At the farm show in Châlons-en-Champagne, northern France, people climbed on tables and trampled flower beds to see him. Relaxed and wearing a suit to match his blue eyes, Emmanuel Macron posed for selfies, worked the crowd and savoured the excitement. “Macron président!” his fans chanted.
The visit to Champagne on 1 September opened what is a campaign for the French presidency in all but name. Two days earlier, the 38-year-old presidential protégé had quit the economy ministry, which he had led for two years, and embarked on a self-appointed mission to “transform” France.
Elsewhere, “Macron-mania” would be unthinkable. In other places, power is reached by ascending party ladders in internal elections. Macron, an eloquent fonctionnaire given a staff job at the Élysée Palace in 2012, is not a member of President François Hollande’s Parti Socialiste and has never been voted into office. But in France, the anointment of the monarchical president is personal: it is a meeting between “one man and the people”, as Charles de Gaulle said of the system tailored for him over half a century ago.
Macron, who was largely unknown to the public until August 2014, believes that the planets are aligned in his favour in the lead-up to next spring’s two-round election. France is in crisis, politics is discredited and the ruling left-wing establishment is a “dead star”, as he puts it. He is convinced that he can rally the middle ground with a vision of an outward-looking France, freed from the stifling orthodoxies of both left and right.
He could be right. A recent Odoxa survey ranked Macron second among potential presidential candidates after Alain Juppé (the 71-year-old centre-right front-runner). Hollande trailed in a crowded field that also includes Marine Le Pen of the Front National and the previous incumbent Nicolas Sarkozy.

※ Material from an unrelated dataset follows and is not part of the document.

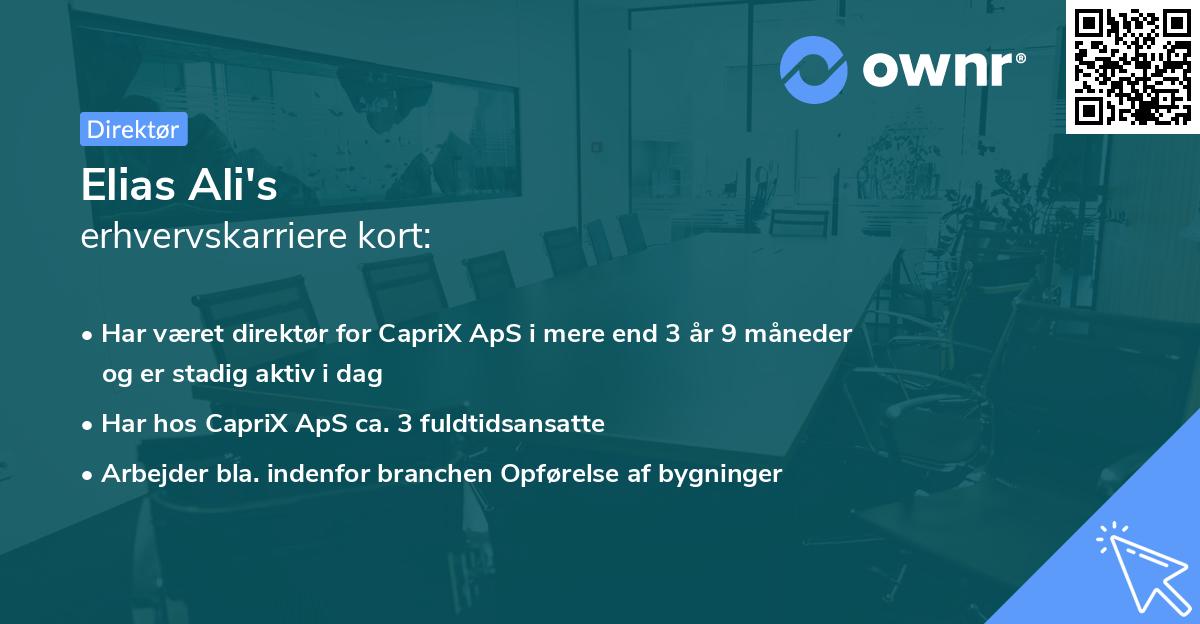 Elias Ali's erhvervskarriere kort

Macron, whose career has included a stint with the Rothschild investment bank, sensed an opening when the media latched on to his impertinent style and the business world was impressed by his embrace of the market. To the anger of the conventional left, he promoted deregulation and championed entrepreneurship. There was further outrage when he said that there should be “young French people who want to be billionaires”. Such Tony Blair-style rhetoric is still unsettling for those who subscribe to what Macron calls the “traditional left-wing ideology that doesn’t allow for thinking about reality”.
Hollande’s apprentice abandoned him in April when he launched a political movement called En Marche! and set his sights on his master’s job. Fifty thousand people signed up as Macron, schooled in philosophy and an accomplished pianist, stirred crowds with visions of a France reborn. In Orléans in May, he identified himself with Joan of Arc, the symbol of French redemption. Hollande failed to rein in his insubordinate junior after Macron appeared with his wife, Brigitte – 24 years his senior – on the cover of Paris Match, which gushed about his supposed path to power.
Macron’s departure from the cabinet caused an uproar, and the leading TV channel TF1 broadcast a 25-minute interview with him on the evening news. He talked like a contender but refused to declare his candidacy. “I have touched the limits of our system, the last-minute compromises, its imperfect solutions,” he said.
Defining himself now as a progressive on the left, Macron is under fire from all sides except the small, centrist parties and dissident Socialists who back his independent run. Former colleagues are voicing contempt for “the traitor”. Manuel Valls, the French prime minister, calls him “Emmanuel Microbe” and Michel Sapin, the finance minister, dismissed him as “a firefly”. Sarkozy and Juppé mock him for disowning the work of his own ministry – as he did recently, when he said that the government’s reforms were only half-measures.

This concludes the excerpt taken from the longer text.